The Castle Hochosterwitz was built on a limestone rock that rises 150m above the valley and allows the visitor a spectacular view over the neighbouring mountains, hills and countryside.
The castle was first mentioned in 860. It was a refuge for the local population during the Turkish invasion in the 11th and 12th century. After the death of Hans Schenk von Osterwitz, the last owner of the original lien, the castle was returned to King Friedrich III.
In gratitude for the support of the imperial troops during the wars against the Turks the lien of the castle Hochosterwitz was given to Christoph Khevenhüller von Aichelberg by Kaiser Ferdinand I in 1541. Christoph Khevenhüller started to rebuild the castle according to the plans of one of the greatest military architects of that time: Domenico dell’Aglio.
Christoph Khevenhüllers eldest son Johann inherited the Castle but due to his diplomatic obligations he passed the lien to his cousin Georg Khevenhüller. Georg Khevehüller, as governor of Carinthia, bought the Castle Hochosterwitz from Archduke Karl von Innerösterreich on 18th March 1571.

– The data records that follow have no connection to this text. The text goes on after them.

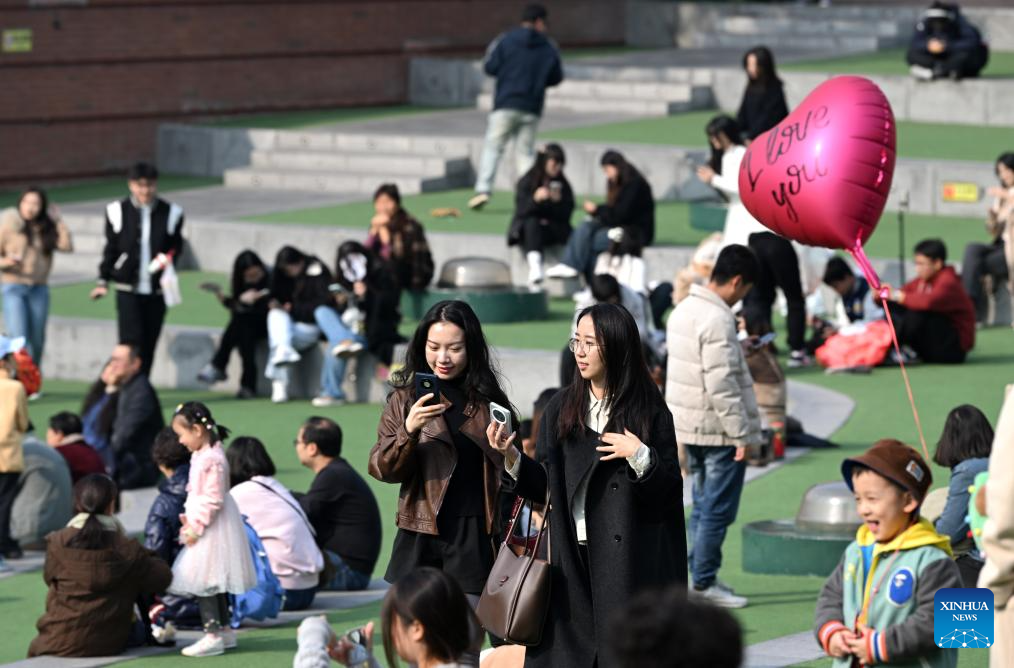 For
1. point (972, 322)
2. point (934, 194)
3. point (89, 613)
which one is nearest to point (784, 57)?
point (934, 194)

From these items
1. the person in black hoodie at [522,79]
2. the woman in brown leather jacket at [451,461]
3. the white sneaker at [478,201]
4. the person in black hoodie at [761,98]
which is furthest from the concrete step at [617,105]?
the woman in brown leather jacket at [451,461]

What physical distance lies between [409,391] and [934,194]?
1475 centimetres

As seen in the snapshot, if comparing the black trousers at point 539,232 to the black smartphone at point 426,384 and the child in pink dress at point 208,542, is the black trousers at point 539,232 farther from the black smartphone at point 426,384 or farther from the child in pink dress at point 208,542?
the black smartphone at point 426,384

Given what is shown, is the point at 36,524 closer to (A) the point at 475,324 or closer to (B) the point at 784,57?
(A) the point at 475,324

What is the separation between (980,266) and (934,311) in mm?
1609

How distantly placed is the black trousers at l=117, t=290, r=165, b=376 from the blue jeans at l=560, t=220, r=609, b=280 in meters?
3.93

Georg Khevenhüller extended the buildings to their actual size using his own private money. In the castle yard a marble memorial tablet dated 1576 proclaims that Georg Khevenhüller had „reconstructed this castle with his personal means. It being his home, he surrounded it with walls and fitted out with bastions and an arsenal“.
Georg’s love and care for his castle lasted his whole life. The marble tablet also reminds his descendents and successors “to maintain the castle as a continuing memory of the past and a warning for all time”.
Since then the Castle Hochosterwitz has been owned by the same family for generations.
Many centuries have passed, but castle Hochosterwitz has not changed – only its purpose became a different one. Luckily, there was always some member of the family who, remembering the warning carved in stone by his ancestor, made great sacrifices to maintain the castle in good condition.